Supplied material |

= Beginning of Section =

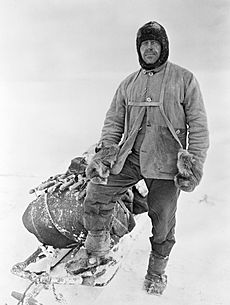 Archivo:R. F. Scott 1911 in polar gear (cropped)
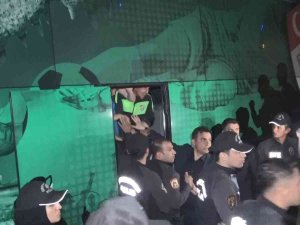 Küme Düşen Bursaspor, Stadyumdan 3 Buçuk Saatte Çıkamadı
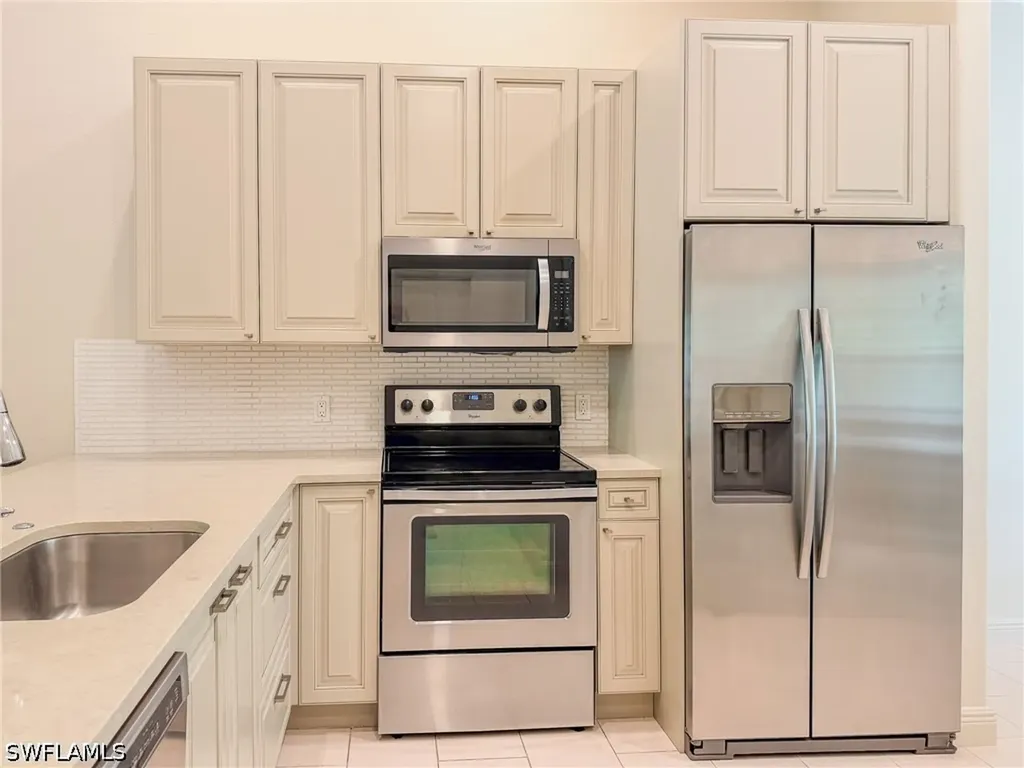 3510 Avion Woods Court Naples FL 34104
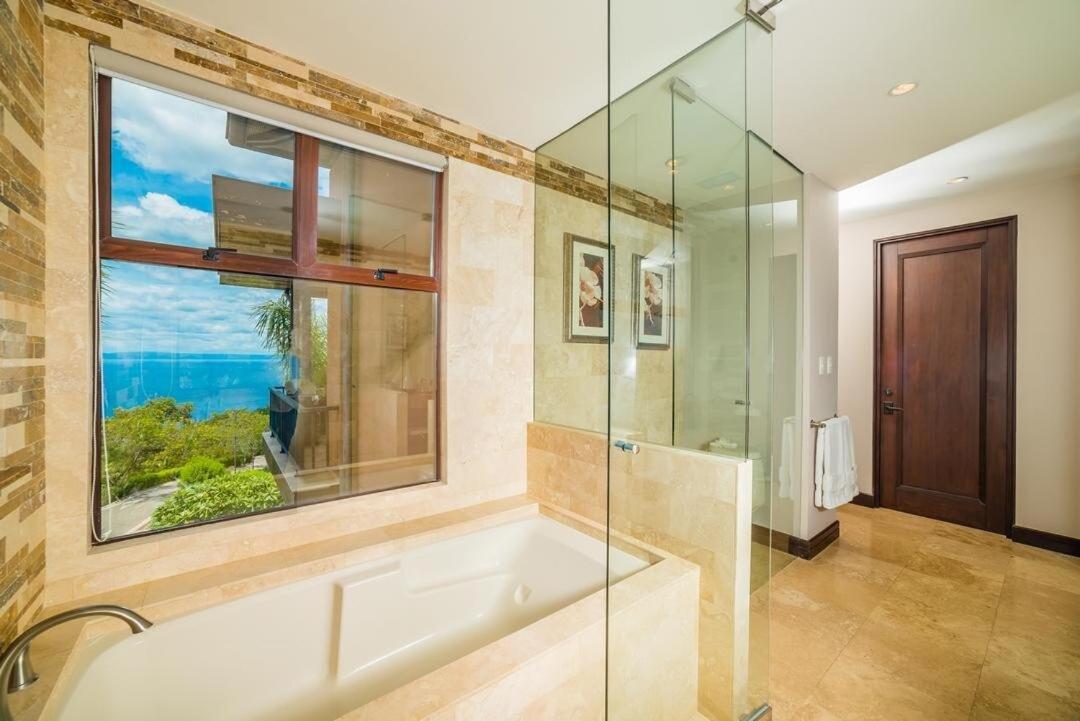Captivating Ocean Views Condo with Pool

= End of Section =

The required answer is the material repeated exactly, with no images in it.

 Archivo:R. F. Scott 1911 in polar gear (cropped)
 Küme Düşen Bursaspor, Stadyumdan 3 Buçuk Saatte Çıkamadı
 3510 Avion Woods Court Naples FL 34104
Captivating Ocean Views Condo with Pool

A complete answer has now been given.